Viele Medien würden auch ohne Presseförderung überleben, für eine Handvoll entscheidet selbst die bescheidene aktuelle Presseförderung existenziell über Sein oder Nichtsein. Aber das gesetzliche Ziel der Presseförderung ist die Unterstützung und Sicherung von Vielfalt und Qualität. Die Unterstützung ist – bei klaren und transparenten Kriterien – eine Investition in die Lebensadern, in die Infrastruktur der Demokratie. Daher habe ich eine deutliche Erhöhung der Presseförderung empfohlen und zusätzlich noch ein „Media-Fit“-Paket, das in den Transformationsjahren, die ja schon längst begonnen haben, den Medien die Möglichkeit geben soll, in den Zeiten des Übergangs Modelle, Innovationen zu versuchen und die Grundpfeiler gesellschaftlicher Kommunikation digital wie analog weiterzuentwickeln. Das Paket ist zunächst zeitlich limitiert auf zwei bis drei Jahre vorgeschlagen, um Kooperationen, Innovation und Avantgarde zu fördern. Es würde demokratiepolitisch nicht zu unserem Schaden sein.

HORIZONT:
Müssten Sie eine Maxime für die Medienzukunft formulieren, wie würde sie lauten?

Haas: Hört nicht auf die Krankjammerer, versucht nicht länger, das Rad der Zeit zurück zu drehen, sondern nehmt die Herausforderungen der Zukunft an.
Passt nicht den Journalismus an die Unternehmen an, sondern die Unternehmen an den Journalismus. Holt euch auch publizistische Expertise in die Aufsichtsräte als Ausgleich zur produktfernen BWL-Expertise.
Wenn ihr nicht an euer Produkt glaubt, dann macht doch eines, an das ihr glauben könnt.

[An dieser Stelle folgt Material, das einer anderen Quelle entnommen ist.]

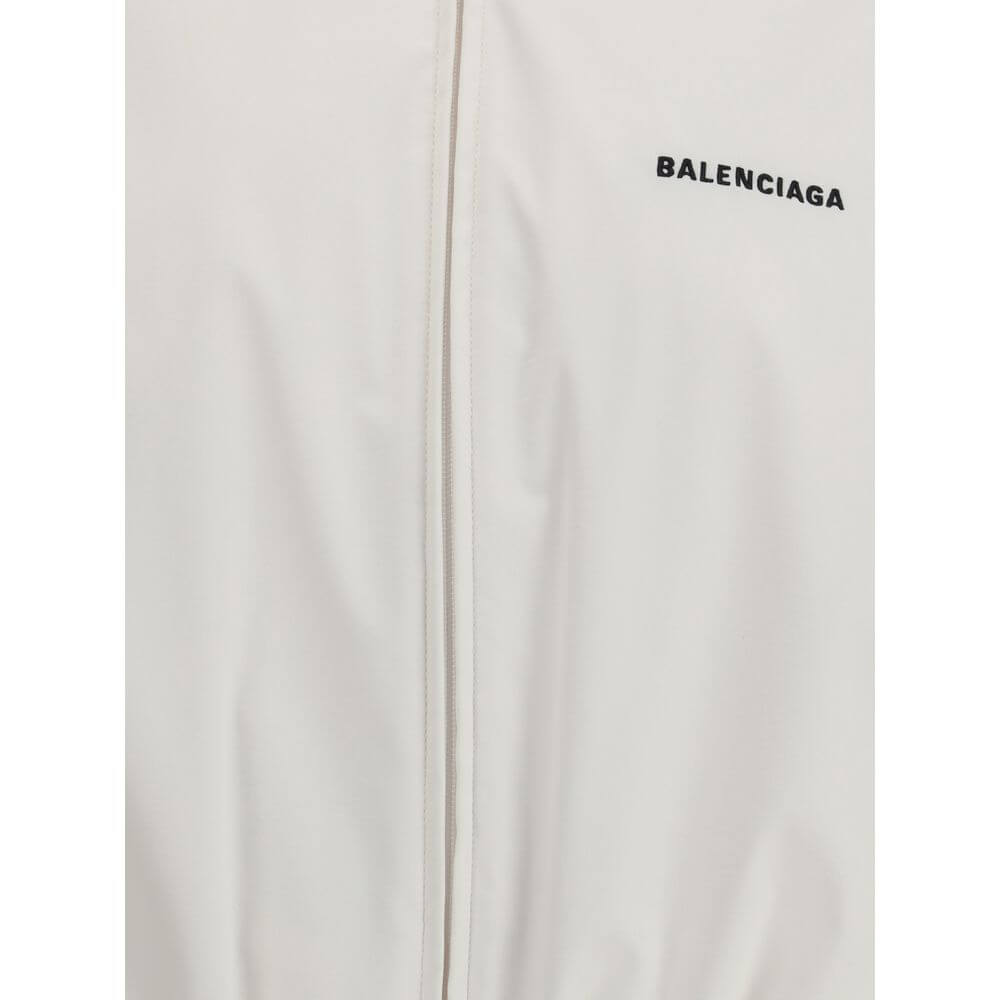 Close-up view of Balenciaga White Polyester Shell Jacket with logo embroidery, highlighting high-quality technical fabric.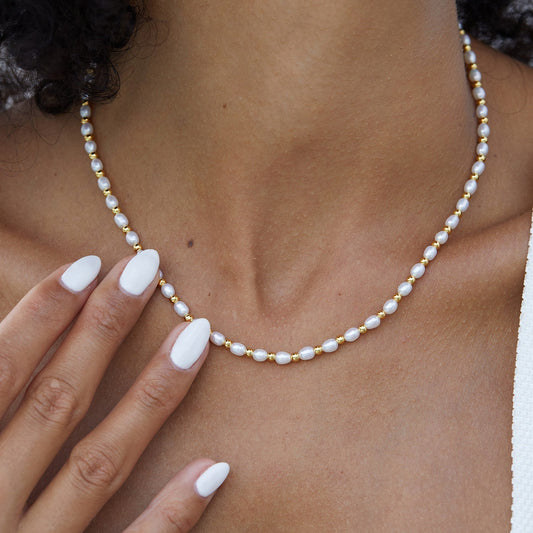 Model wearing the Awakened Time Bare Luxe Golden Pearl Necklace featuring freshwater pearls and gold beads.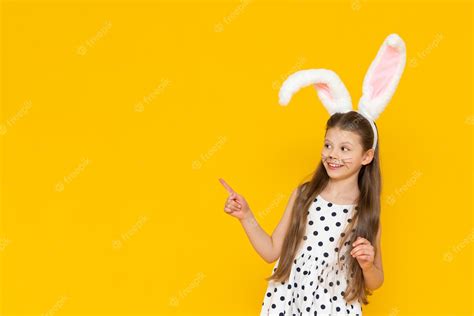 Premium Photo A Beautiful Girl In An Easter Bunny Costume Points At The Advertisement And Smiles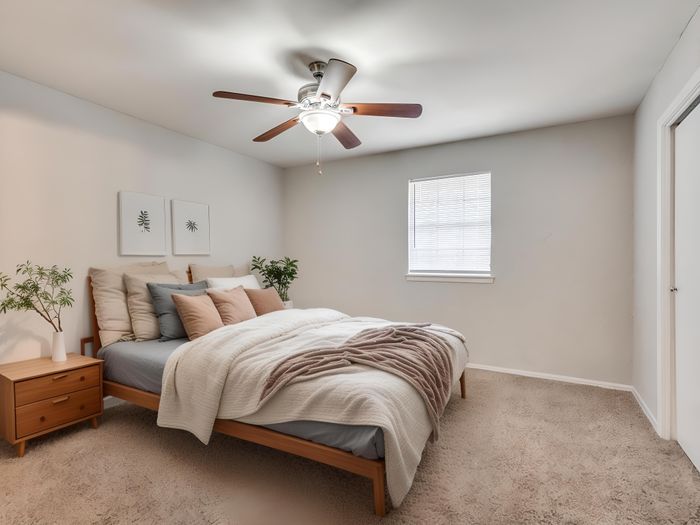 Serene bedroom with cozy bed, plush pillows, soft lighting, and elegant ceiling fan for a relaxing retreat.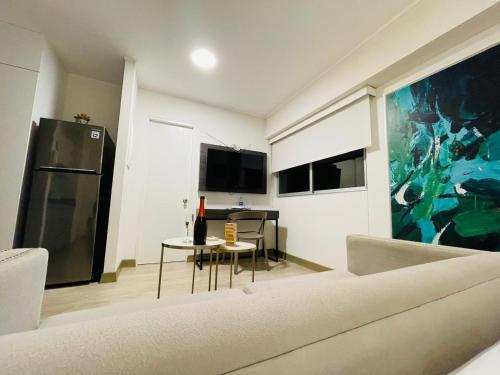 a living room with a couch and a table at Connect Studios by Vibrant in Lima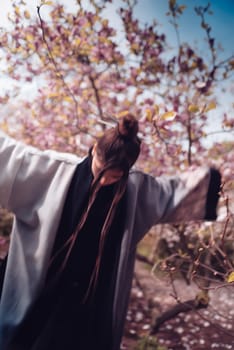 Beautiful dramatic young woman wearing kimono with cherry blossoms, sakura view. High quality photo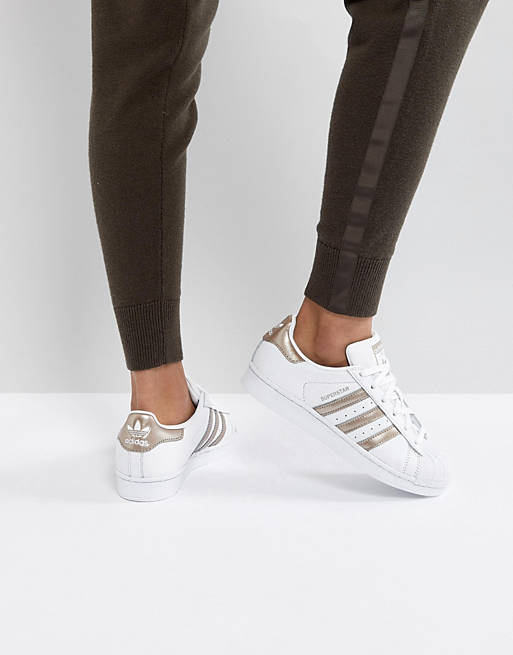adidas Originals Superstar Sneakers In White And Rose Gold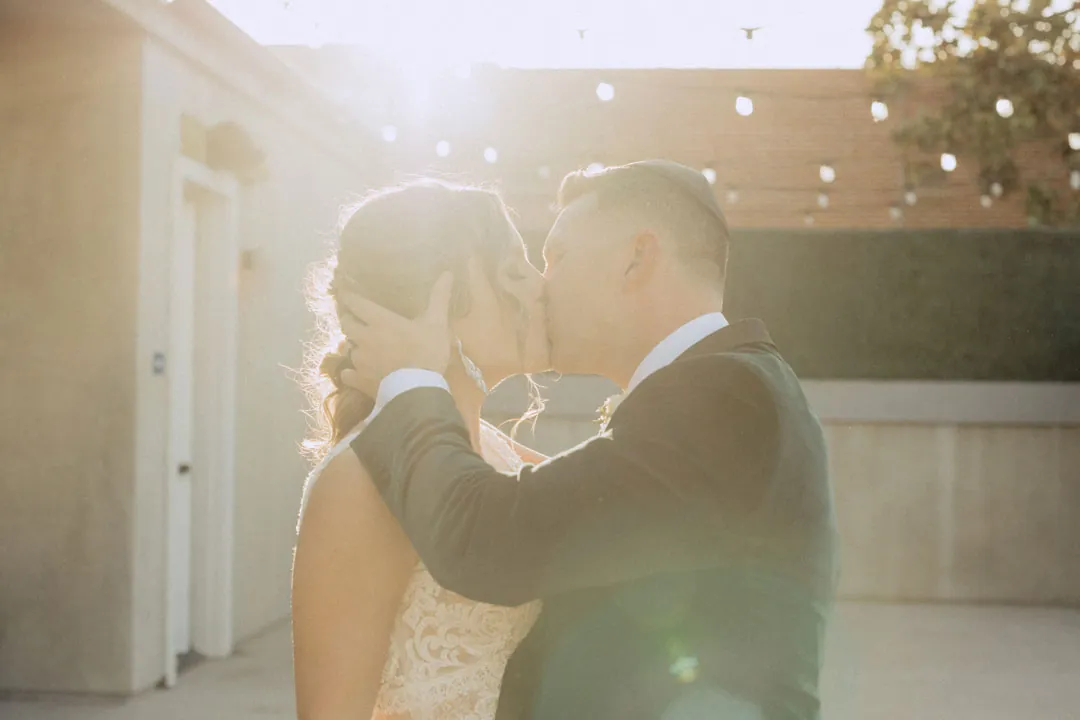 Couple embracing in sunlight on an outdoor terrace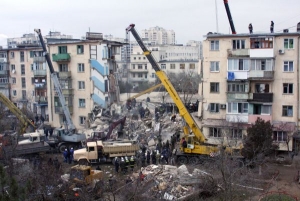 Záchranáři se snaží vyprostit za pomoci těžké techniky uvězněné lidi.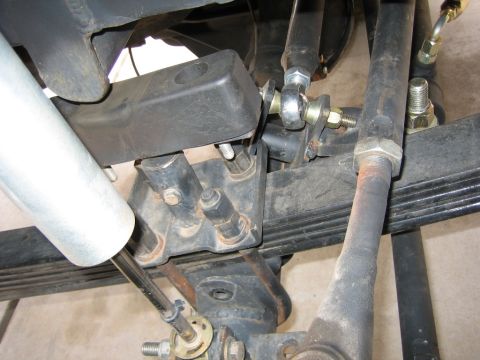 1994 Ford Bronco - Vehicle suspension parts shown in detail, including shock absorber and leaf springs.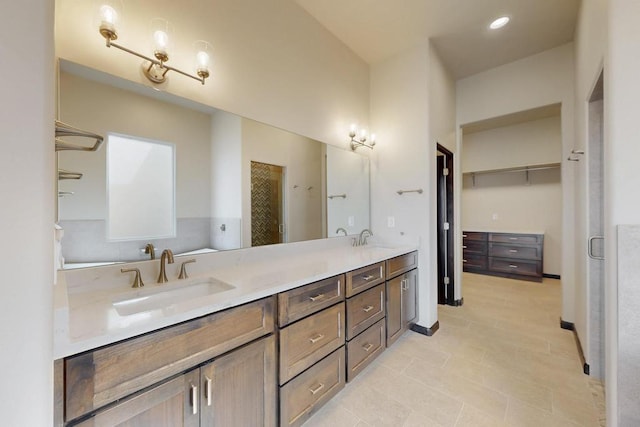 full bath with double vanity, a spacious closet, and a sink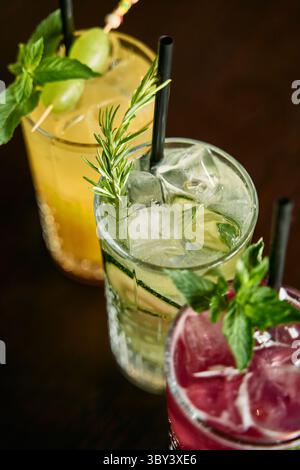 Una vivace gamma di cocktail colorati con menta e rosmarino, adornati con ghiaccio e serviti in eleganti bicchieri. aroma e freschezza perfetti Foto Stock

Lernt endlich eure Nutzer kennen. Die Online-Welt fördert den Vergleich, sie schafft auch kritischere Rezipienten.
Und – liebe Journalistinnen und Journalisten – checkt endlich, warum ihr bei den Umfragen über Berufsimages ganz unten (bei den Politikern) liegt. Lasst Innovationen zu, mischt alt und jung, seid selbstkritisch. Bildet euch aus und weiter, nutzt die sozialen Medien, sucht Kontakte mit den Rezipienten, das macht euch stärker und autonomer. Das Modell Armin Wolf beweist: es geht!